*TASK GOAL*
Give the data again word for word; drop the pictures.

=== Begin Enclosure ===

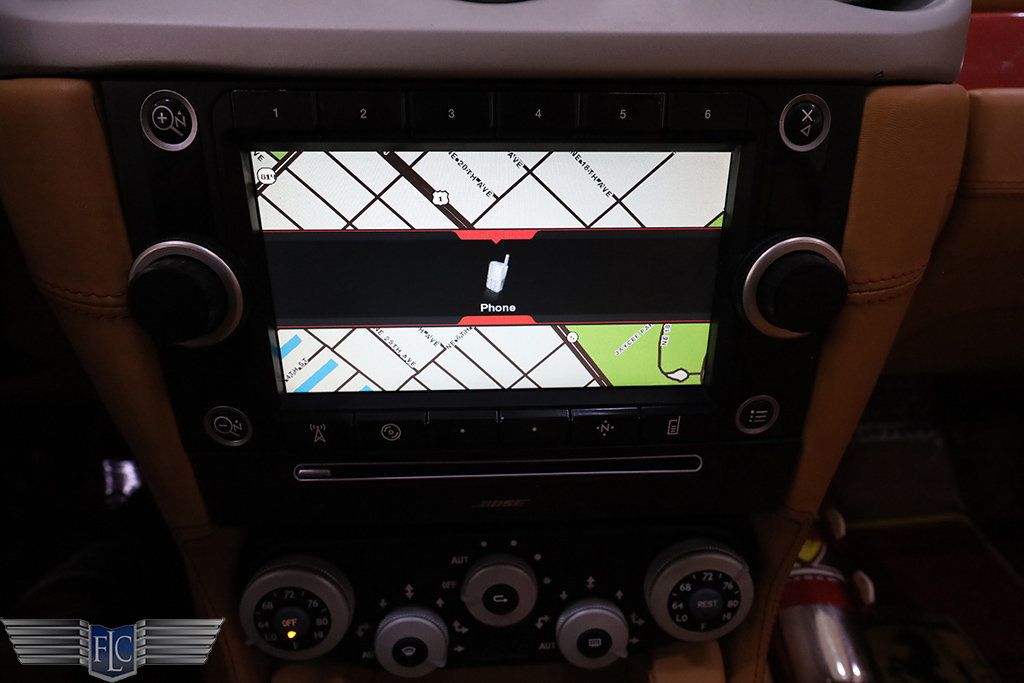 2007 Ferrari 612 Scaglietti 2dr Coupe - 22961596 - 36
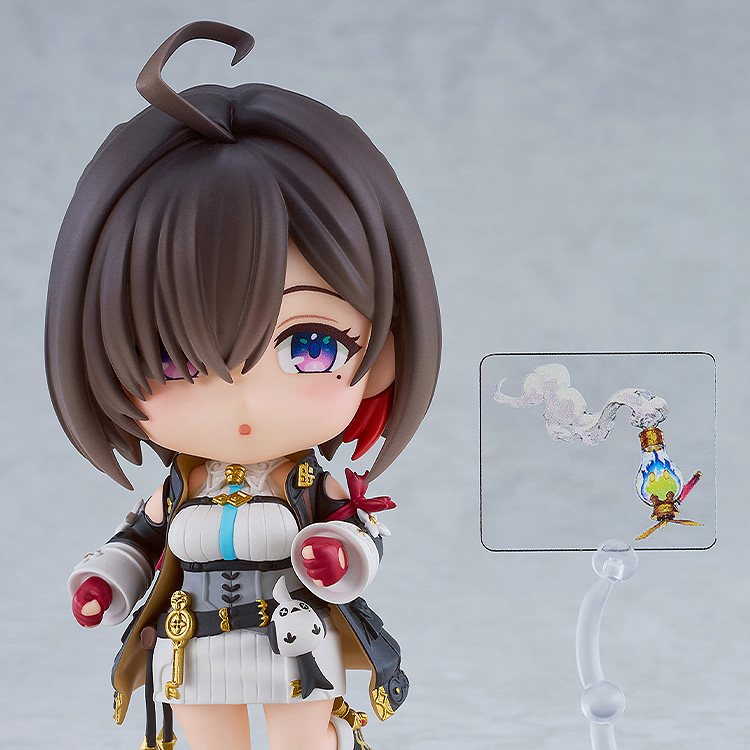 [예약] 넨도로이드 유미아 리스펠트 l 유미아의 아틀리에 이미지 4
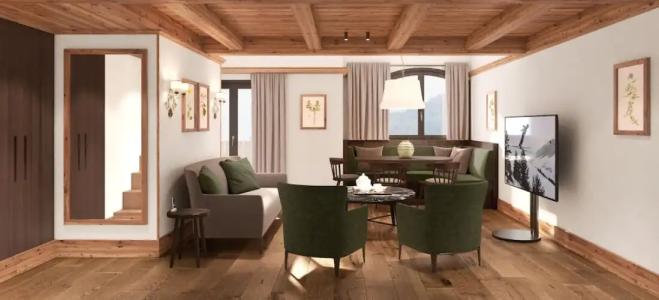 Faloria Mountain Spa Resort - 88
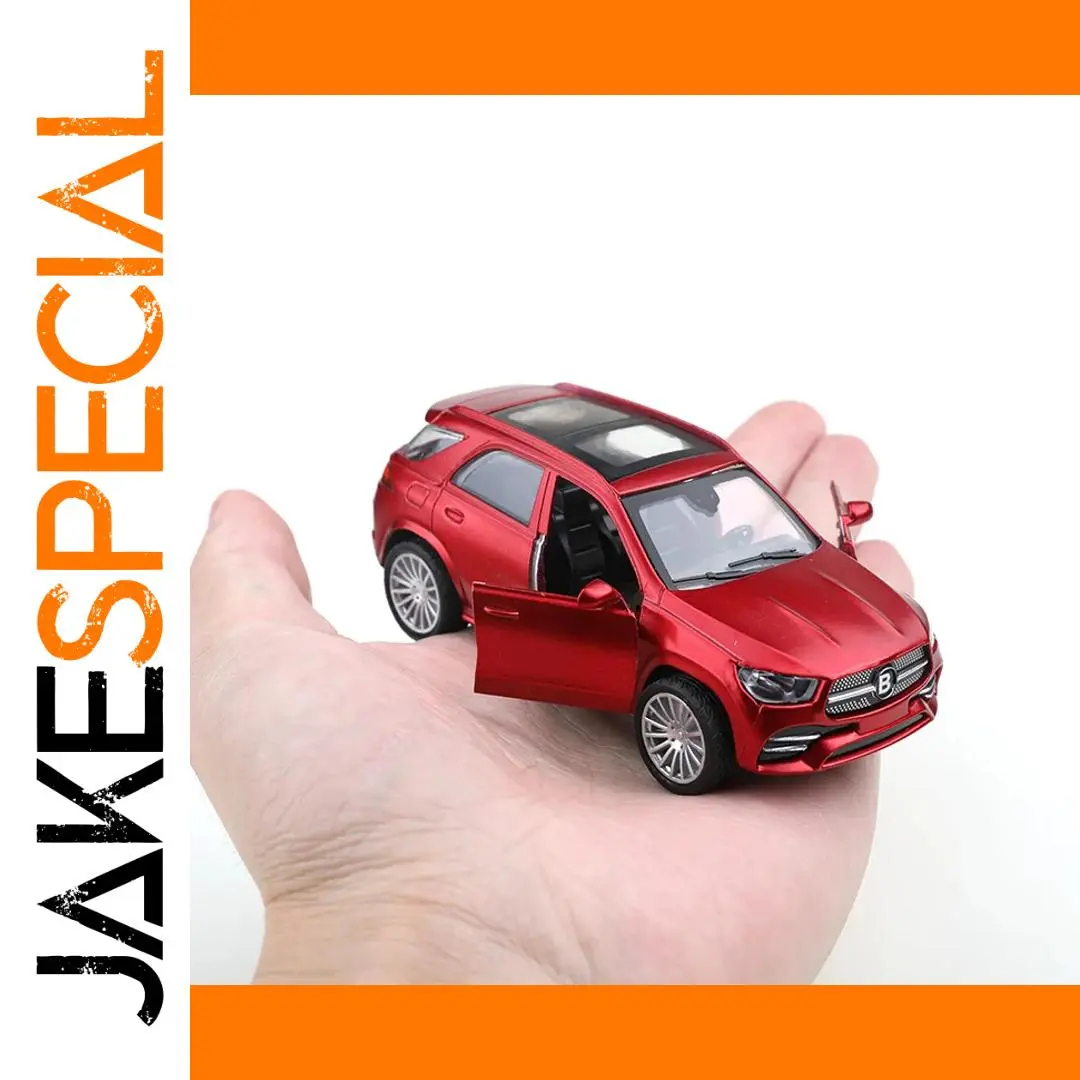 1:43 Classic Sedan Diecast Model Car 1 1:43 Classic Sedan Diecast Model Car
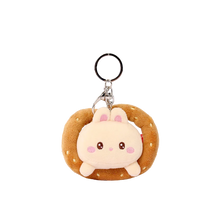 Load image into Gallery viewer, Miniz Street Food Surprise Plush Box

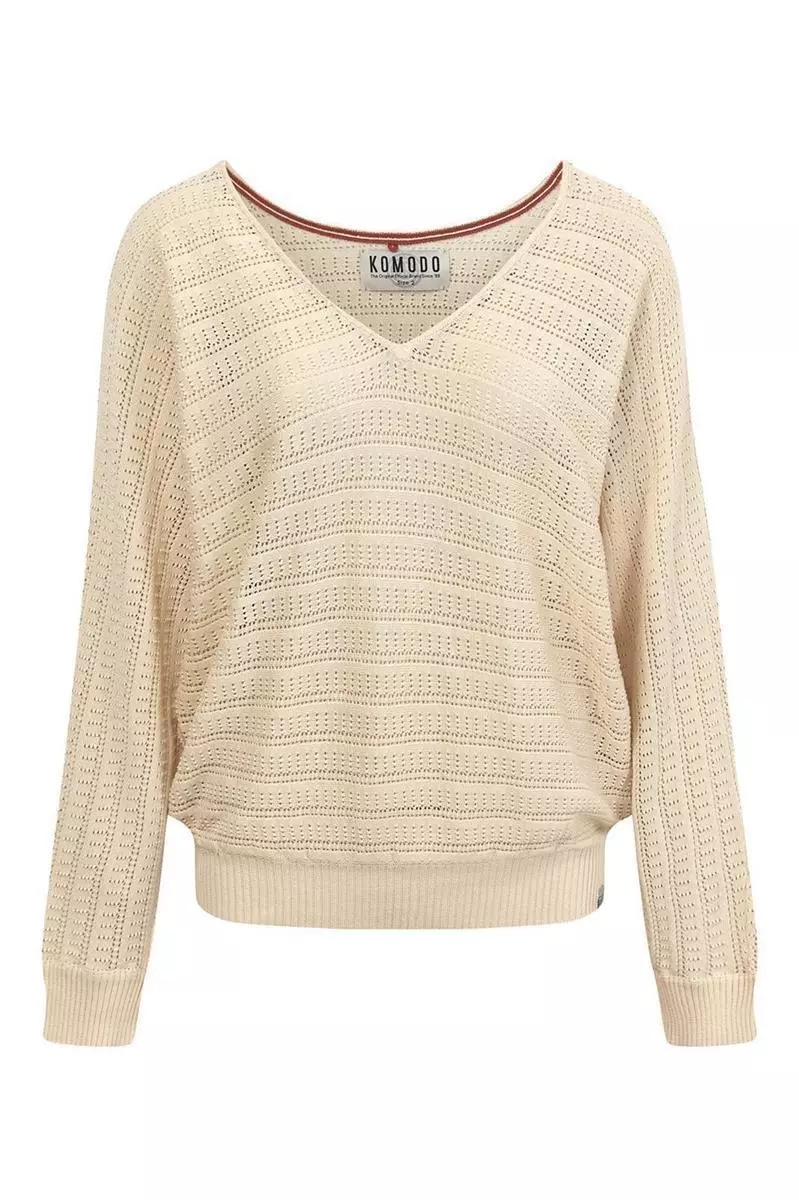 Pullover Modell: Pia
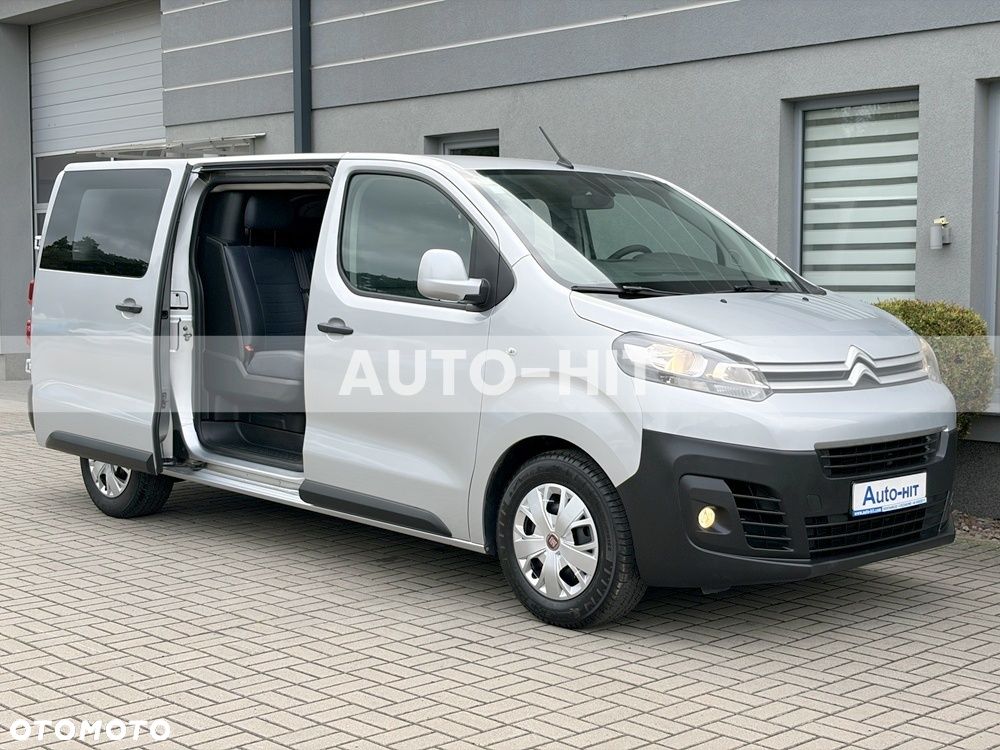 Citroën Jumpy - 6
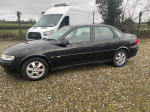 01 Opel vectra 1.6 low mileage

=== End Enclosure ===

*RESPONSE TO THE TASK*
 2007 Ferrari 612 Scaglietti 2dr Coupe - 22961596 - 36
 [예약] 넨도로이드 유미아 리스펠트 l 유미아의 아틀리에 이미지 4
 Faloria Mountain Spa Resort - 88
 1:43 Classic Sedan Diecast Model Car 1 1:43 Classic Sedan Diecast Model Car
 Load image into Gallery viewer, Miniz Street Food Surprise Plush Box

 Pullover Modell: Pia
 Citroën Jumpy - 6
 01 Opel vectra 1.6 low mileage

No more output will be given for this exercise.